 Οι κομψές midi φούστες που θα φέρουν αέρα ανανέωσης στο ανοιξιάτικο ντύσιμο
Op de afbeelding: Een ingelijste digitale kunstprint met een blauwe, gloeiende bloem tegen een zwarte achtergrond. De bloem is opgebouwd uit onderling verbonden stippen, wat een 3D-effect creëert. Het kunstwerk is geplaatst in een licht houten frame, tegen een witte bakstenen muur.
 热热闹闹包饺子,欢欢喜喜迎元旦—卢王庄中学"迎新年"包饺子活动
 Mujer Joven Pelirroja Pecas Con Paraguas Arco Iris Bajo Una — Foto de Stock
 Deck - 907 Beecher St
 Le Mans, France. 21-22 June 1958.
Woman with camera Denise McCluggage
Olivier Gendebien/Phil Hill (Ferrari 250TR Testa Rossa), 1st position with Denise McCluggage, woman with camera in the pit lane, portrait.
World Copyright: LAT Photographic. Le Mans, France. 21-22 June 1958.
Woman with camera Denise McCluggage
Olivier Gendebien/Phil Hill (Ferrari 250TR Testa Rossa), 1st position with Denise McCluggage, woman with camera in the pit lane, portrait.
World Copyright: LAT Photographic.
========
The task » Exactly as shown above, copy out the material.

Solution to this problem »
 Οι κομψές midi φούστες που θα φέρουν αέρα ανανέωσης στο ανοιξιάτικο ντύσιμο
Op de afbeelding: Een ingelijste digitale kunstprint met een blauwe, gloeiende bloem tegen een zwarte achtergrond. De bloem is opgebouwd uit onderling verbonden stippen, wat een 3D-effect creëert. Het kunstwerk is geplaatst in een licht houten frame, tegen een witte bakstenen muur.
 热热闹闹包饺子,欢欢喜喜迎元旦—卢王庄中学"迎新年"包饺子活动
 Mujer Joven Pelirroja Pecas Con Paraguas Arco Iris Bajo Una — Foto de Stock
 Deck - 907 Beecher St
 Le Mans, France. 21-22 June 1958.
Woman with camera Denise McCluggage
Olivier Gendebien/Phil Hill (Ferrari 250TR Testa Rossa), 1st position with Denise McCluggage, woman with camera in the pit lane, portrait.
World Copyright: LAT Photographic. Le Mans, France. 21-22 June 1958.
Woman with camera Denise McCluggage
Olivier Gendebien/Phil Hill (Ferrari 250TR Testa Rossa), 1st position with Denise McCluggage, woman with camera in the pit lane, portrait.
World Copyright: LAT Photographic.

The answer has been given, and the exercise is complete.